Managing your batch job

Once you have submitted your job(s) to the queue, you have various ways of checking in on the status of your jobs including e-mail notification of job completion and command line access to both your jobs status and the current state of the pool.

Managing Job Status

You can monitor progress of your batch processing using the condor_status and condor_q commands. This section describes how to check the status of your processes at any time, and how to remove a process from the Condor queue.

After you submit a job for processing, you can check the status of the Condor machine pool and verify that machines are available on which your jobs can execute.

To check the status of the Condor pool, type the command condor_status.

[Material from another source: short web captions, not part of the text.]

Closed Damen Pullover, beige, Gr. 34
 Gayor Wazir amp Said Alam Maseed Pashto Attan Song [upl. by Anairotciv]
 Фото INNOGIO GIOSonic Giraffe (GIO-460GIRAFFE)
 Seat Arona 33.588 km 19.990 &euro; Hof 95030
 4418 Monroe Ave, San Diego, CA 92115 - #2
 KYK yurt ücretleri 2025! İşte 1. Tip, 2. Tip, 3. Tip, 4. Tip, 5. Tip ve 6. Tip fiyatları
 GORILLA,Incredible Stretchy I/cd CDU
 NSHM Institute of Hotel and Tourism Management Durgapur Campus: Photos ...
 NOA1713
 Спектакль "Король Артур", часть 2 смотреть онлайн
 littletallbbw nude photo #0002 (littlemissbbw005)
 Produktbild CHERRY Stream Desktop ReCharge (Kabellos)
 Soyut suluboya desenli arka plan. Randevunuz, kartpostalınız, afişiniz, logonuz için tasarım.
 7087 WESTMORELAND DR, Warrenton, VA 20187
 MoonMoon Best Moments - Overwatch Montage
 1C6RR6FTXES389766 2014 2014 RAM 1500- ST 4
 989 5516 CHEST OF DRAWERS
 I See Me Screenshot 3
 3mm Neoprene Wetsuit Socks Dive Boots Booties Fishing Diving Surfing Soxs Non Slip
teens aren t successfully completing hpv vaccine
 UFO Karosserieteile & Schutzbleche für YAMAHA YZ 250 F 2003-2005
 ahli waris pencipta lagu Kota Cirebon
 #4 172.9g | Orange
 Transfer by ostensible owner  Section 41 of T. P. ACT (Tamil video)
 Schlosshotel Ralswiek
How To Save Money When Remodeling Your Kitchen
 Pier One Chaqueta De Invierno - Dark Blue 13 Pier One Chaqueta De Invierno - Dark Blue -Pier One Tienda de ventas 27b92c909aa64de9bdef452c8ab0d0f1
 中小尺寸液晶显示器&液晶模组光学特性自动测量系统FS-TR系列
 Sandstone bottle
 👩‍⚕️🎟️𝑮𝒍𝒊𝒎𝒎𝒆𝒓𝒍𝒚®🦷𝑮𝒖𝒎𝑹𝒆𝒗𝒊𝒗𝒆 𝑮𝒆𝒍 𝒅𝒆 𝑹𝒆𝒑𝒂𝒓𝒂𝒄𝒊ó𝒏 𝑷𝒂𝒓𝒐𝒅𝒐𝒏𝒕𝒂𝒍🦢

This command returns information about the pool resources. Output lists the number of slots available in the pool and whether they are in use. If there are no idle slots, your batch processing is queued when it is submitted.

For example:

> condor_status

Name OpSys Arch State Activity LoadAv Mem ActvtyTime

vm1@mc-1-1.hm LINUX X86_64 Claimed Busy 1.060 19750+17:43:50
vm2@mc-1-1.hm LINUX X86_64 Claimed Busy 1.060 1975 0+17:43:48
vm1@mc-1-2.hm LINUX X86_64 Claimed Busy 1.000 1975 0+17:44:43
vm2@mc-1-2.hm LINUX X86_64 Claimed Busy 1.000 1975 0+17:44:36
vm1@mc-1-3.hm LINUX X86_64 Unclaimed Idle 0.010 1975 0+00:03:57
vm2@mc-1-3.hm LINUX X86_64 Unclaimed Idle 0.000 1975 0+00:00:04
vm1@mc-1-4.hm LINUX X86_64 Unclaimed Idle 0.000 1975 0+00:00:04

Total Owner Claimed Unclaimed Matched Preempting Backfill

X86_64/LINUX 7 0 4 3 0 0 0
Total 7 0 4 3 0 0 0

To check the cumulative use of resources within in the Condor pool, include the option -submitter with the command condor_status. This command returns information about each user in the Condor queue. Output lists the user's name, machine in use, and current number of jobs per machine. Use this command to help determine how many resources Condor has available to run your jobs. An example is shown here:

> condor_status -submitter

Name Machine Running IdleJobs HeldJobs

mkellerm@hmdc.harvar w4.hmdc.ha 2 0 0
jgreiner@hmdc.harvar x1.hmdc.ha 9 0 0
jgreiner@hmdc.harvar x3.hmdc.ha 40 0 0
kquinn@hmdc.harvard. x5.hmdc.ha 32 0 0

RunningJobs IdleJobs HeldJobs

jgreiner@hmdc.harvar 49 0 0
kquinn@hmdc.harvard. 32 0 0
mkellerm@hmdc.harvar 2 0 0

Total 83 0 0

Cluster Status Summary

To view a summary of the Condor cluster available resources, run: rce-info.shTo view a summary of the resources currently in use on the Condor cluster, run: rce-info.sh -t used

Removing your job

To remove a process from the queue, type the command condor_rm <cluster ID>.<process ID>. For example:

> condor_rm 9.9
Job 9.9 marked for removal

To find a list of your jobs type:

> condor_q  $USER


To remove all jobs affiliated with a cluster, type the command condor_rm <cluster ID> . For example, the command condor_rm 4 removes all jobs assigned to cluster 4.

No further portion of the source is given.